Sarah Jane Hong is the co-founder and Chief Science Officer at Latent Space. Her background lies at the intersection of human-computer interaction and machine learning. She previously led NLP research at Sonar (acquired by Marchex), which serves businesses in the conversational AI space. She is also an esteemed AR/VR developer, having received awards and fellowships from Oculus, Mozilla Mixed Reality, and Microsoft Hololens.
Darryl Barnhart is the co-founder and Chief Technology Officer at Latent Space. He is a seasoned developer with experience in GPU acceleration, computer graphics, large-scale data, and machine learning. Other passions include mathematics, game development, and the study of information.
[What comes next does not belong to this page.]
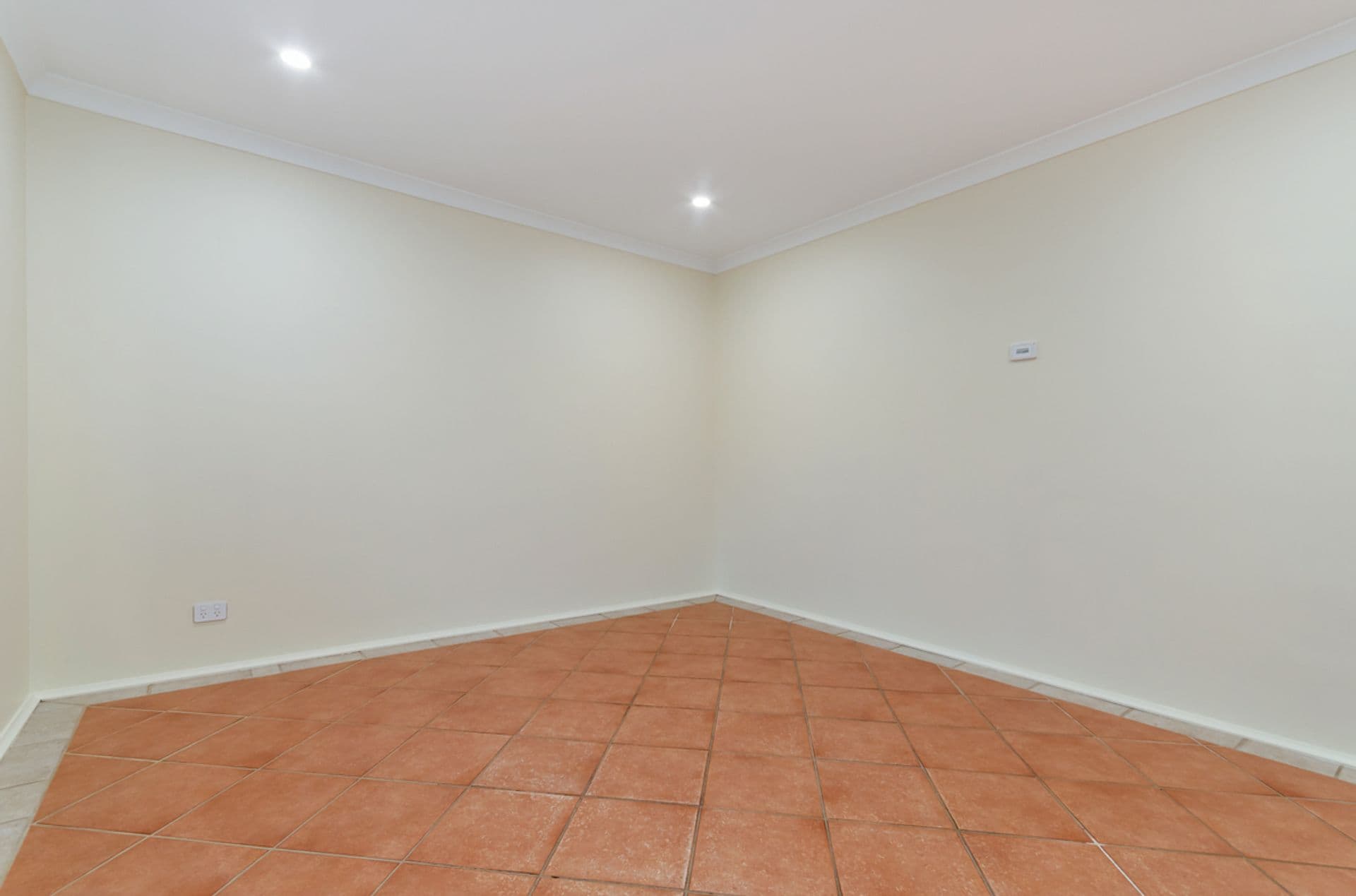 5 Akita Court, Merriwa, WA, 6030, Merriwa - Thumbnail 4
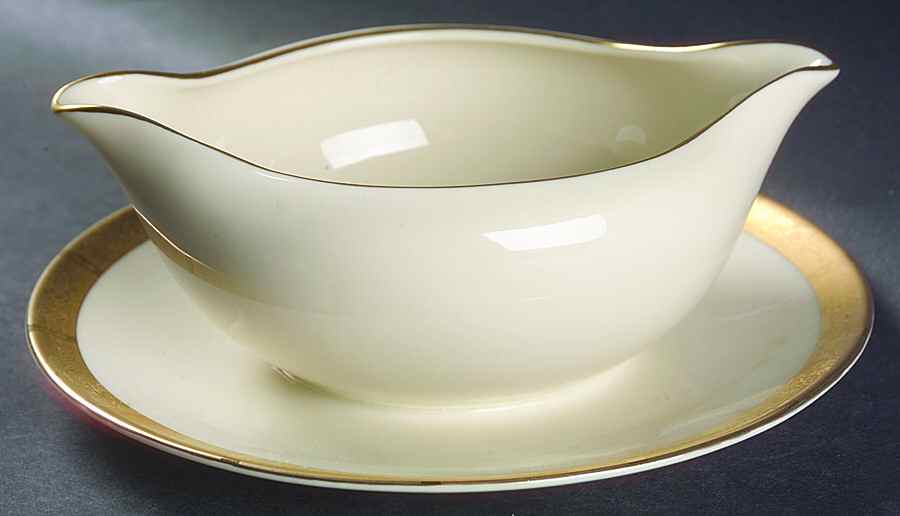 Georgian Rose No Color Band (Gold Trim, Coupe) Gravy Boat with Attached Underplate by Flintridge-1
Ian Thompson is the founder and CEO at Latent Space. Ian is an engineer and researcher inspired by the “adjacent possible” — technologies about to have a big impact on our lives. Currently focused on simplifying and scaling multimodal representation learning to help build safe and creative AI. He previously helped build companies in graphics/virtual reality (AltspaceVR, acquired by Microsoft) and education/NLP (HSE).